##### Source material

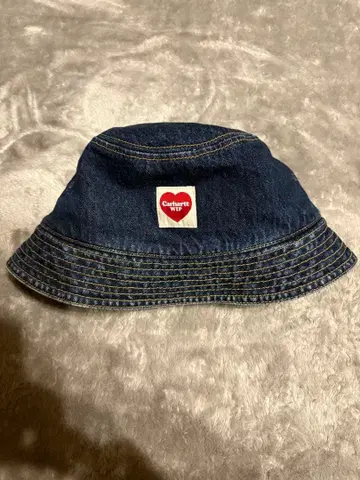 Carhartt WIP 데님 버킷햇 L-XL 칼하트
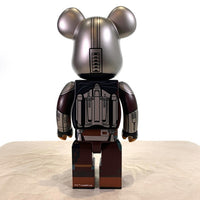 MEDICOM TOY メディコムトイ BEARBRICK ベアブリック STARWARS THE MANDALORIAN (BESKARARMOR) スターウォーズ マンダロリアン ベスカーアーマー 100％ & 400％ フィギュア  福生店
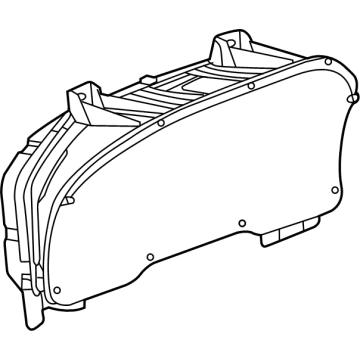 Chevy 84943032 Instrument Cluster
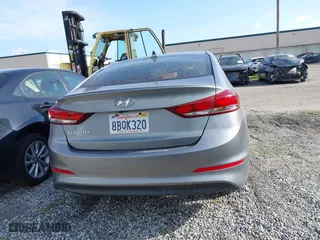 2018 Hyundai Elantra Value Edition with VIN KMHD84LF8JU519076, listed as a IAAI auction lot 41602336 with 148,868 mi miles. Bid and sale history available at carsss.com. Image 17.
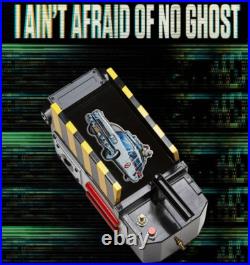 2024 $5 Niue Ghostbusters Ecto Shaped 2 oz Silver Coin in Ghost Trap Box OGP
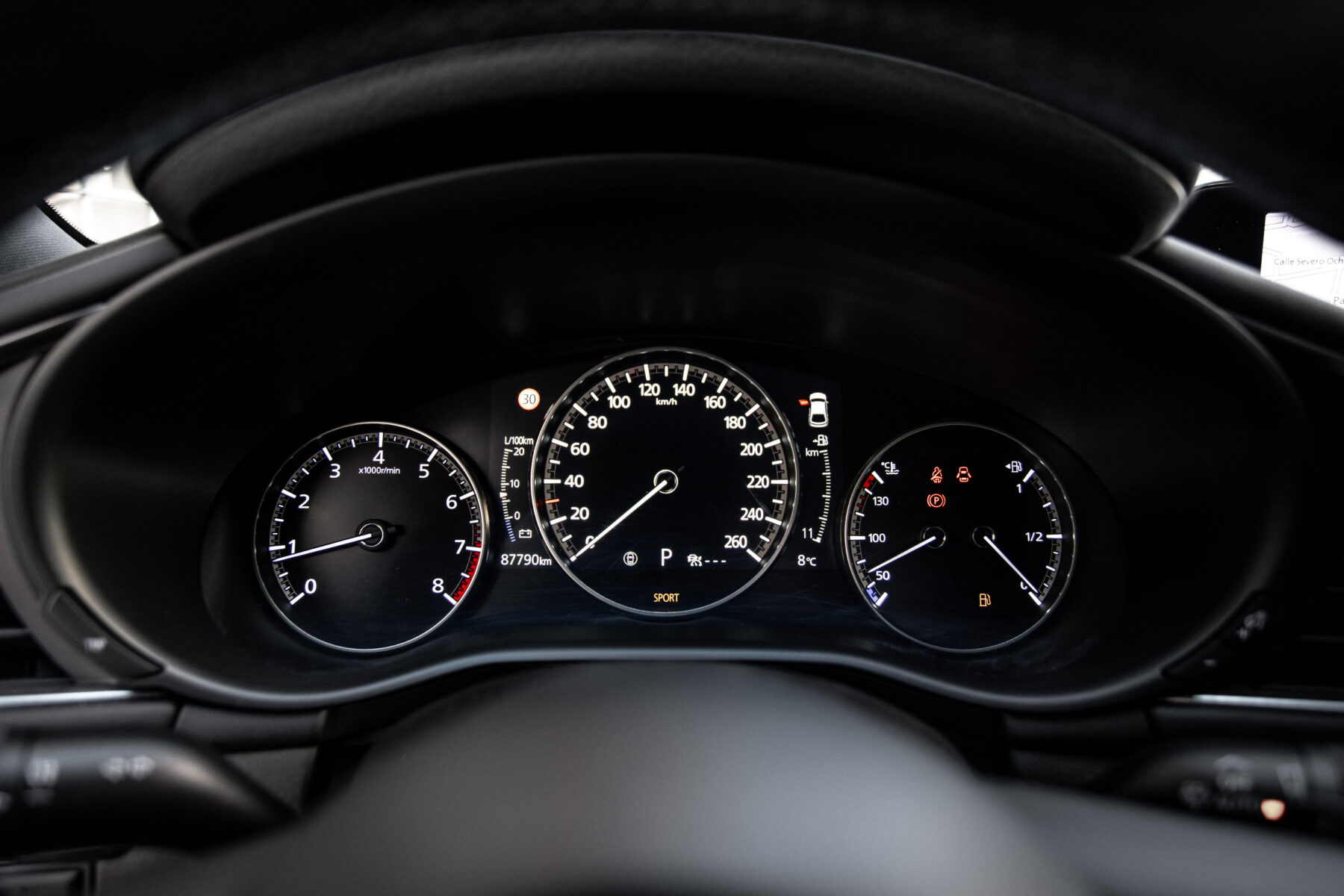 MAZDA 3 2.0 SKYACTIVG ZENITH SAFETY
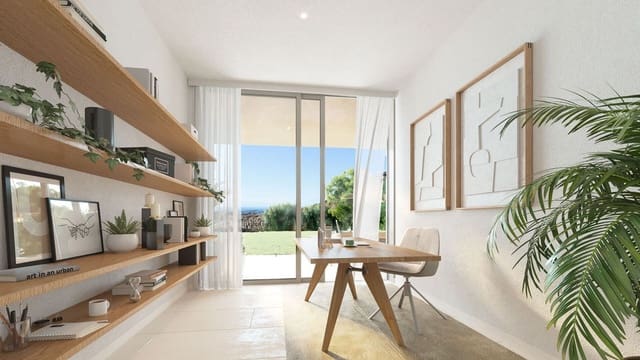 3 sypialnia Penthouse na sprzedaż w Mijas pueblo, Mijas z basenem garażem - 1 190 000 € (Ref: 10022334)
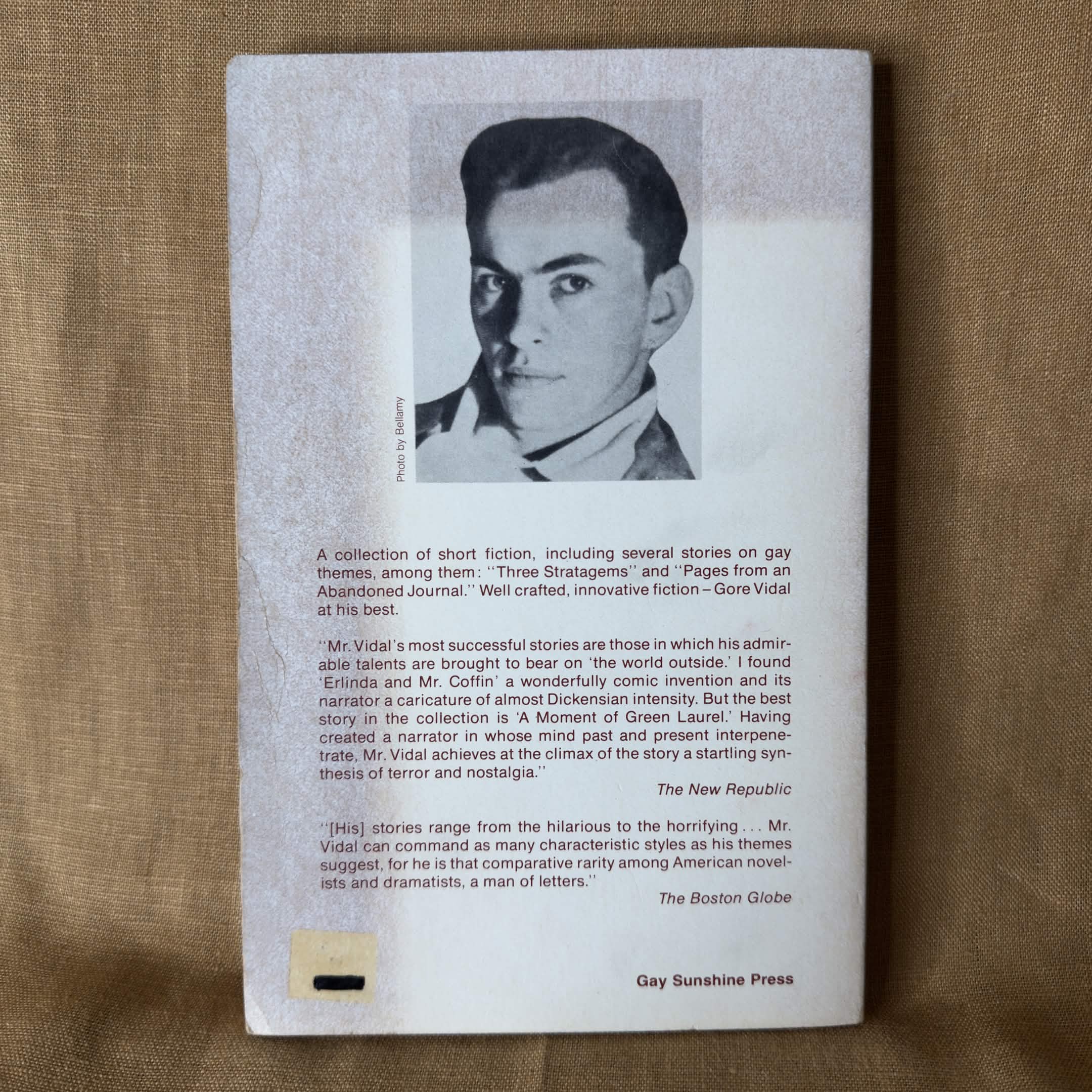 A Thirsty Evil: Seven Short Stories - Gore Vidal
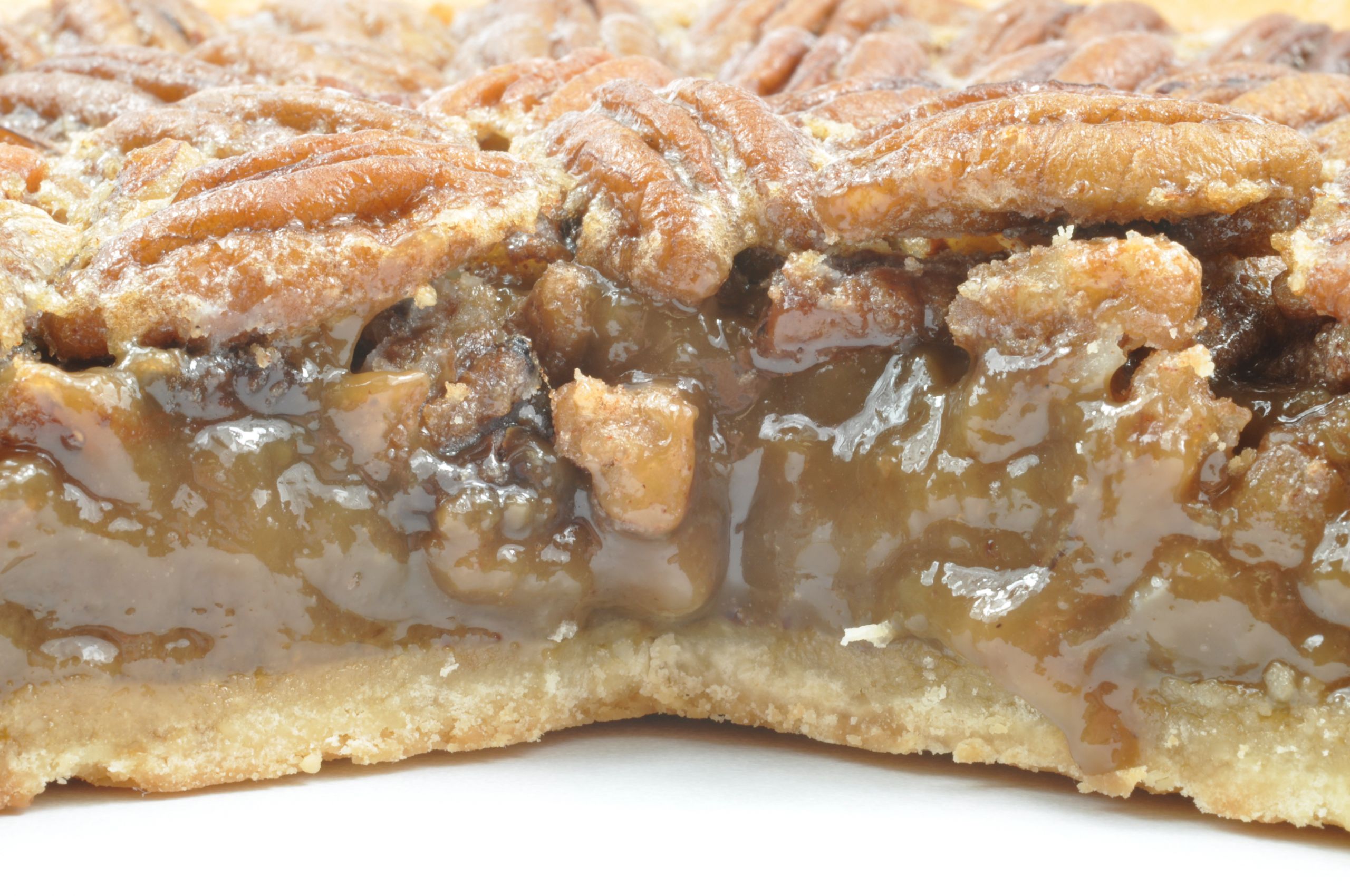 Pecan Pie Without Corn Syrup
 Corn syrup free pecan pie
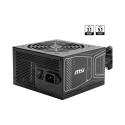 MSI MAG A750GN 750W 120MM FAN 80+ GOLD POWER SUPPLY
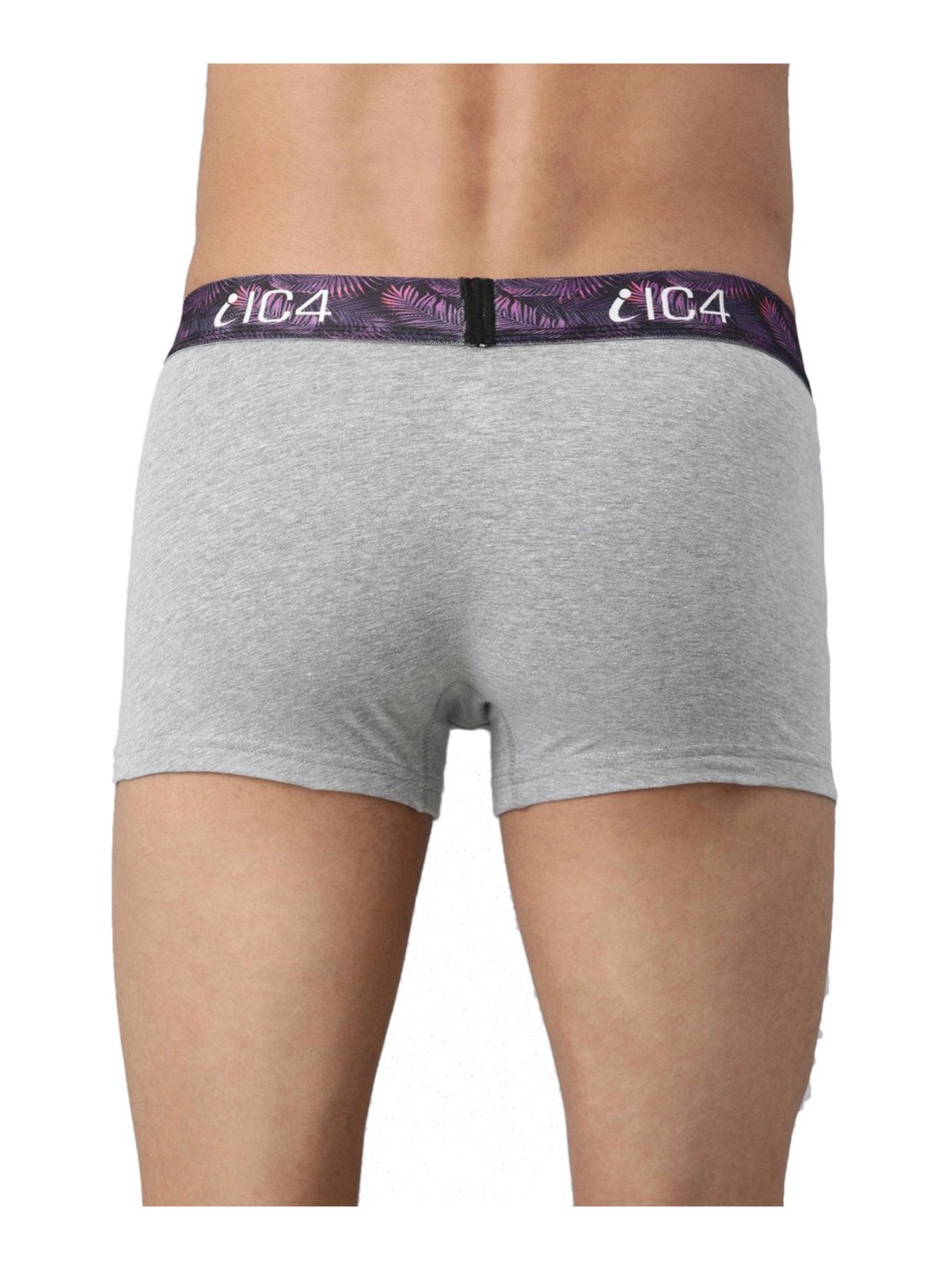 IC4 Dark Grey & Grey Trunks - Pack of 2
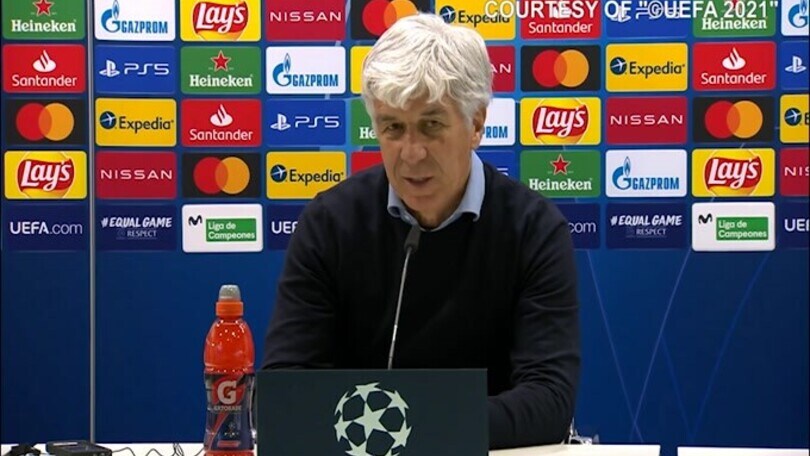 Gasperini: "Faremo la gara con le nostre idee"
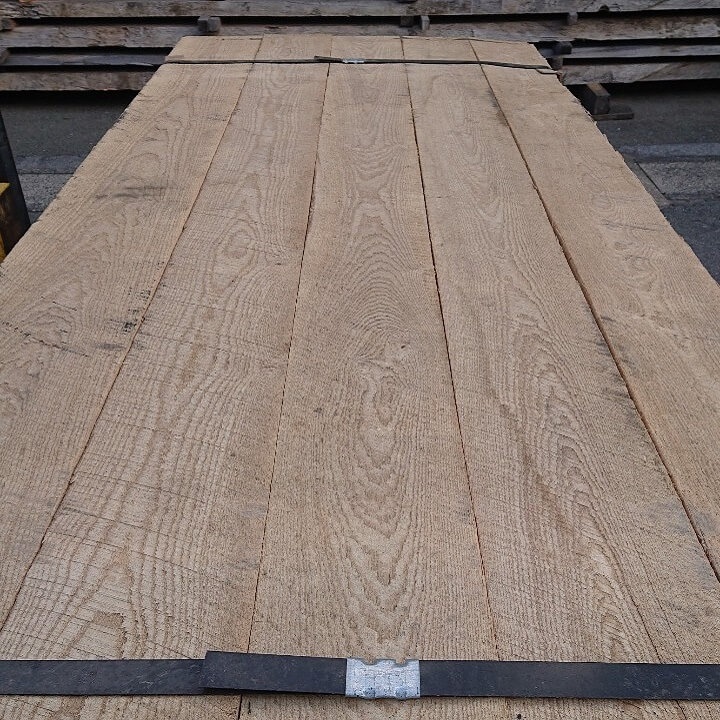 ブラックアッシュ　無垢材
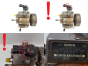 Bomba De Inyección 0445010102 9683703780 1.6 TDCi HDI Bosch PSA Ford S3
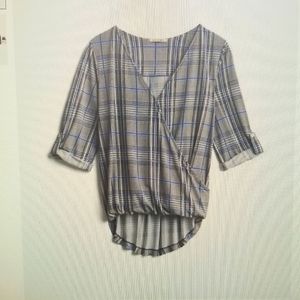 Beacon Gaines Surplice Knit Top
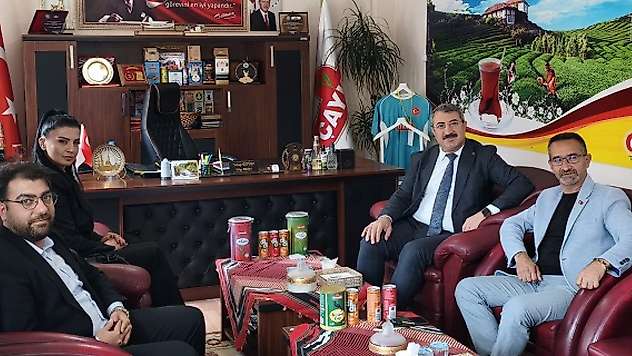 Erzurum'da Çay Kültürü ve Kent Değerleri Masaya Yatırıldı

##########

--- Prompt ---
Please output all the data exactly as given, with the pictures omitted.

--- The completed task ---
 Carhartt WIP 데님 버킷햇 L-XL 칼하트
 MEDICOM TOY メディコムトイ BEARBRICK ベアブリック STARWARS THE MANDALORIAN (BESKARARMOR) スターウォーズ マンダロリアン ベスカーアーマー 100％ & 400％ フィギュア  福生店
 Chevy 84943032 Instrument Cluster
 2018 Hyundai Elantra Value Edition with VIN KMHD84LF8JU519076, listed as a IAAI auction lot 41602336 with 148,868 mi miles. Bid and sale history available at carsss.com. Image 17.
 2024 $5 Niue Ghostbusters Ecto Shaped 2 oz Silver Coin in Ghost Trap Box OGP
 MAZDA 3 2.0 SKYACTIVG ZENITH SAFETY
 3 sypialnia Penthouse na sprzedaż w Mijas pueblo, Mijas z basenem garażem - 1 190 000 € (Ref: 10022334)
 A Thirsty Evil: Seven Short Stories - Gore Vidal
 Pecan Pie Without Corn Syrup
 Corn syrup free pecan pie
 MSI MAG A750GN 750W 120MM FAN 80+ GOLD POWER SUPPLY
 IC4 Dark Grey & Grey Trunks - Pack of 2
 Gasperini: "Faremo la gara con le nostre idee"
 ブラックアッシュ　無垢材
 Bomba De Inyección 0445010102 9683703780 1.6 TDCi HDI Bosch PSA Ford S3
 Beacon Gaines Surplice Knit Top
 Erzurum'da Çay Kültürü ve Kent Değerleri Masaya Yatırıldı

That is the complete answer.